- _Task prompt_
Although the data below contains pictures, output only the lines between those holding "Khadda kabab recipe" and "A purple alien", inclusive, exactly and without those pictures.

- _Provided information_
________________________

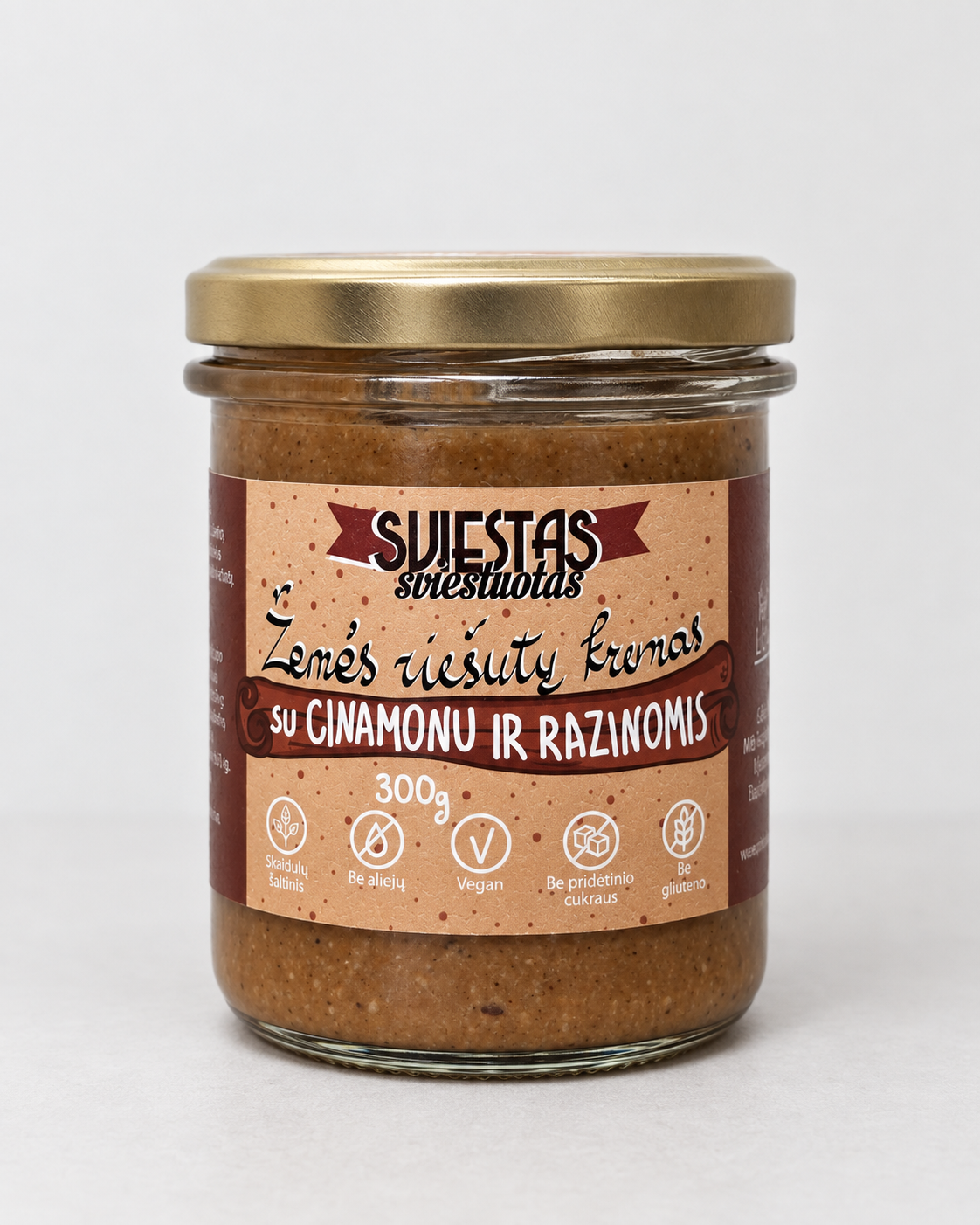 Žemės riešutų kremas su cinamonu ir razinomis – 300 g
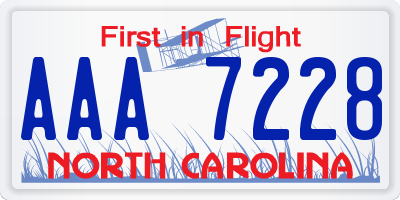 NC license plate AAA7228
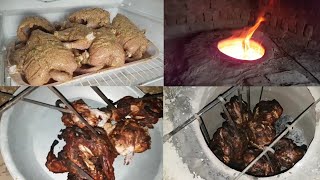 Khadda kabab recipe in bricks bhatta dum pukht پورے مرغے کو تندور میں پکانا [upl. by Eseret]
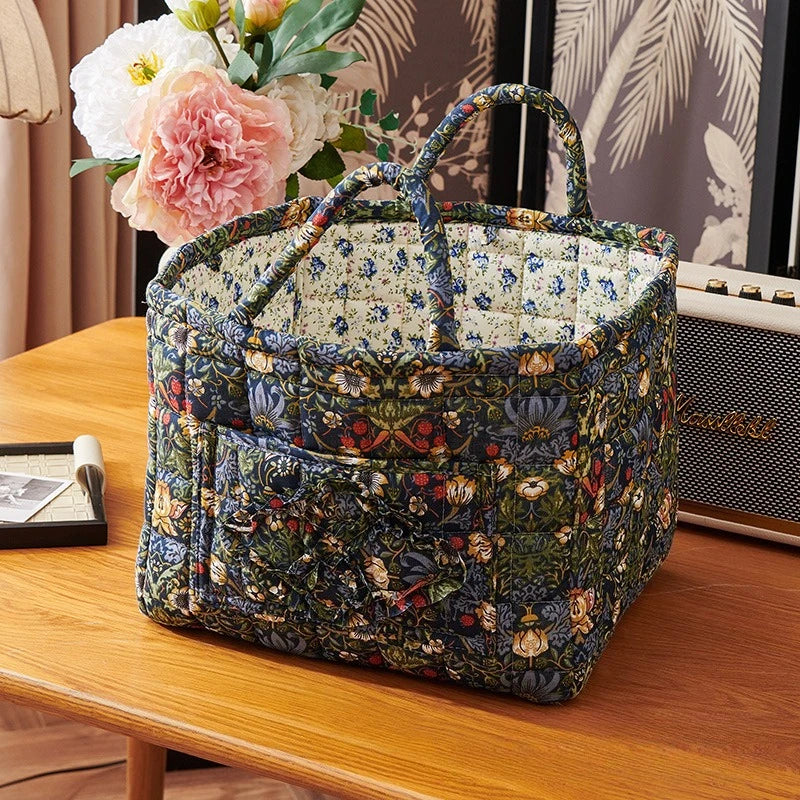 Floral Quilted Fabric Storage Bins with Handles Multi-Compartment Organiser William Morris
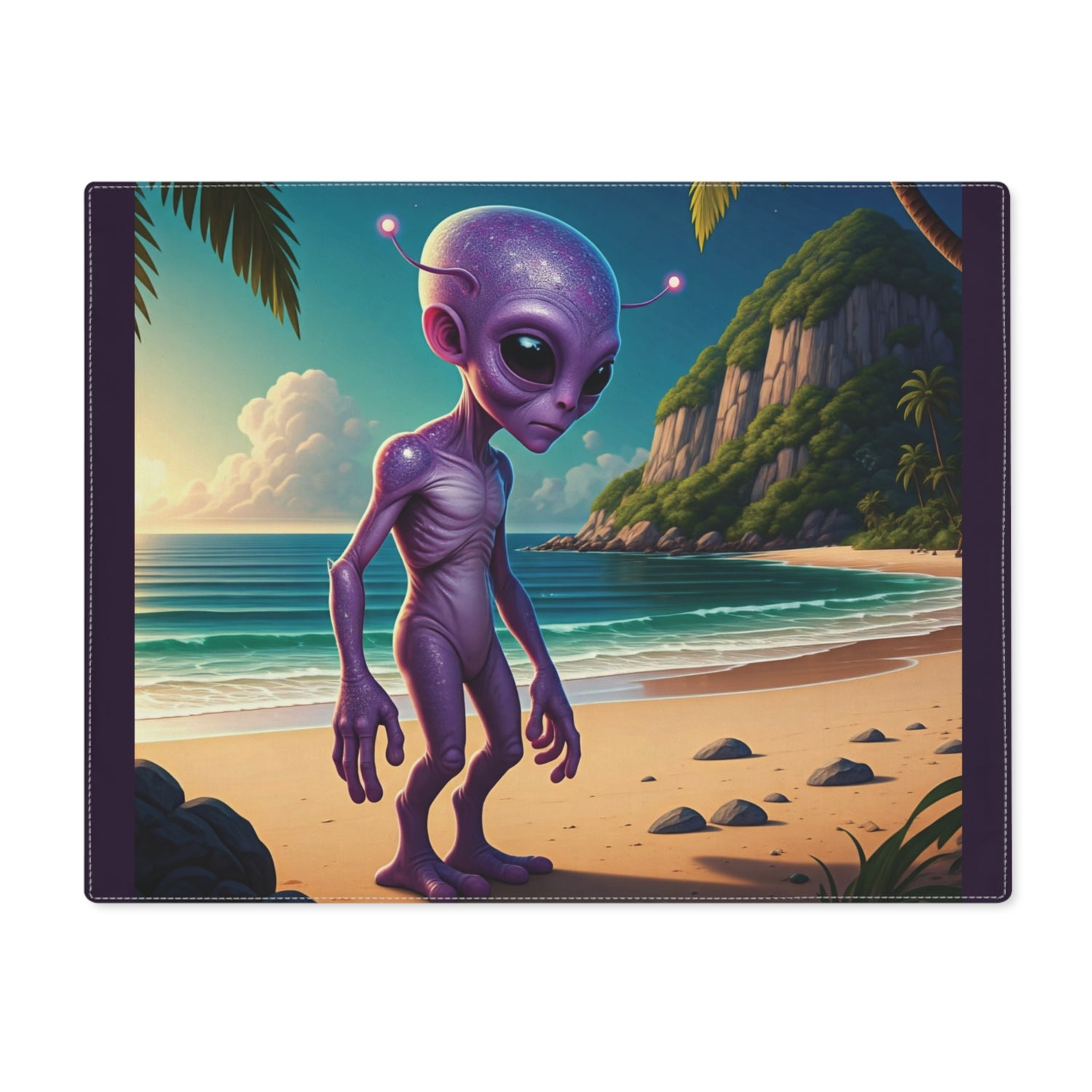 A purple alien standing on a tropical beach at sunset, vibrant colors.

________________________

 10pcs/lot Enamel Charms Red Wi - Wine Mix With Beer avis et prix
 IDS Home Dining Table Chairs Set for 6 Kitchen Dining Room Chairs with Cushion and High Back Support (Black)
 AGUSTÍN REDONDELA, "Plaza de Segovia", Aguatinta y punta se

________________________

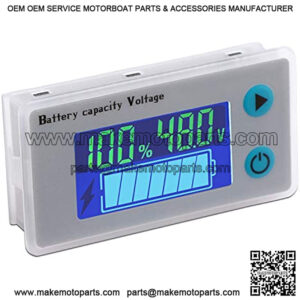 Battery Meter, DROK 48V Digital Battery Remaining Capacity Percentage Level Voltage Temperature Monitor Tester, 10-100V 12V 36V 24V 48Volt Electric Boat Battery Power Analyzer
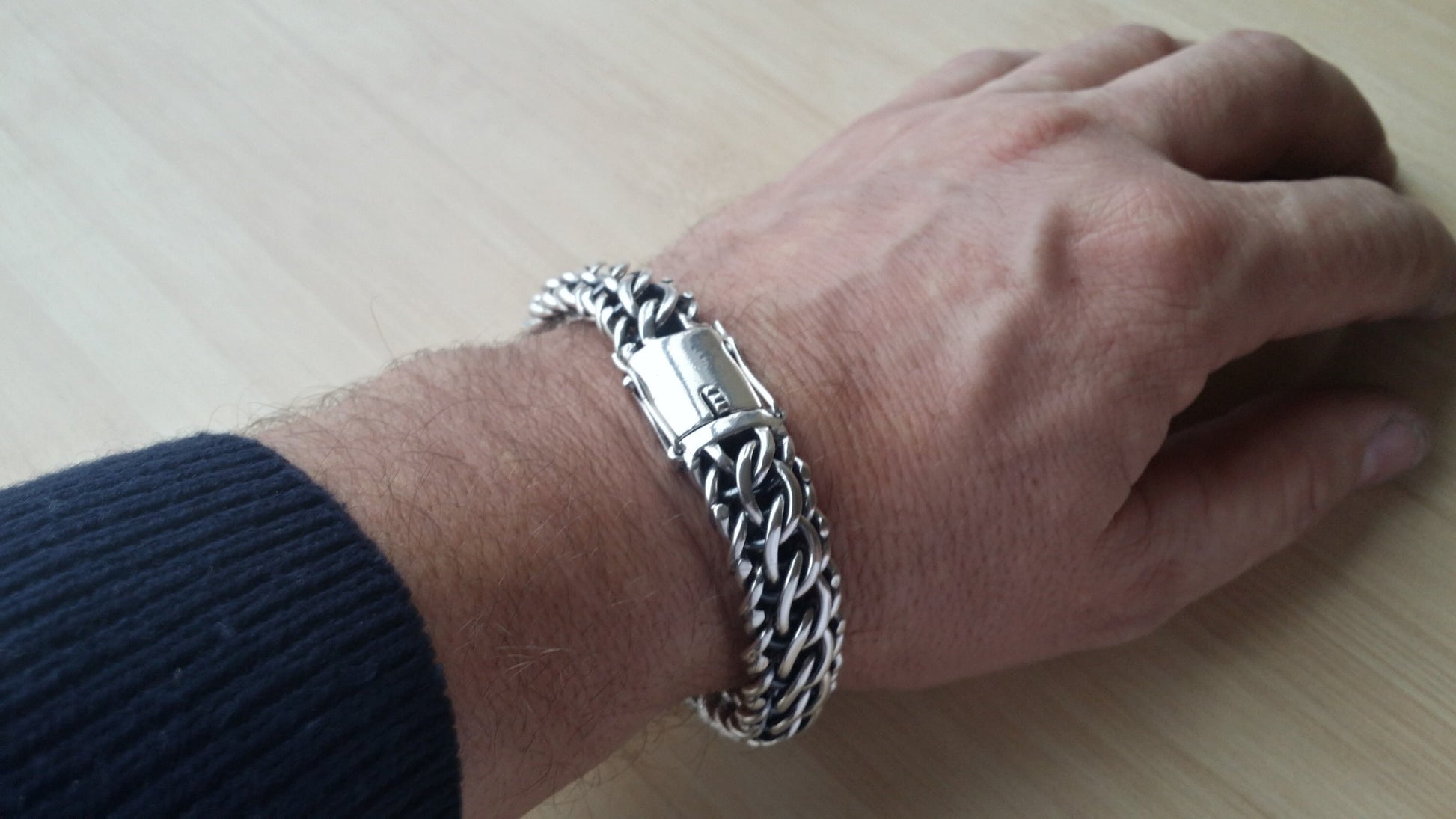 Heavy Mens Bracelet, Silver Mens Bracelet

________________________

- _Exercise result_
 Khadda kabab recipe in bricks bhatta dum pukht پورے مرغے کو تندور میں پکانا [upl. by Eseret]
 Floral Quilted Fabric Storage Bins with Handles Multi-Compartment Organiser William Morris
 A purple alien standing on a tropical beach at sunset, vibrant colors.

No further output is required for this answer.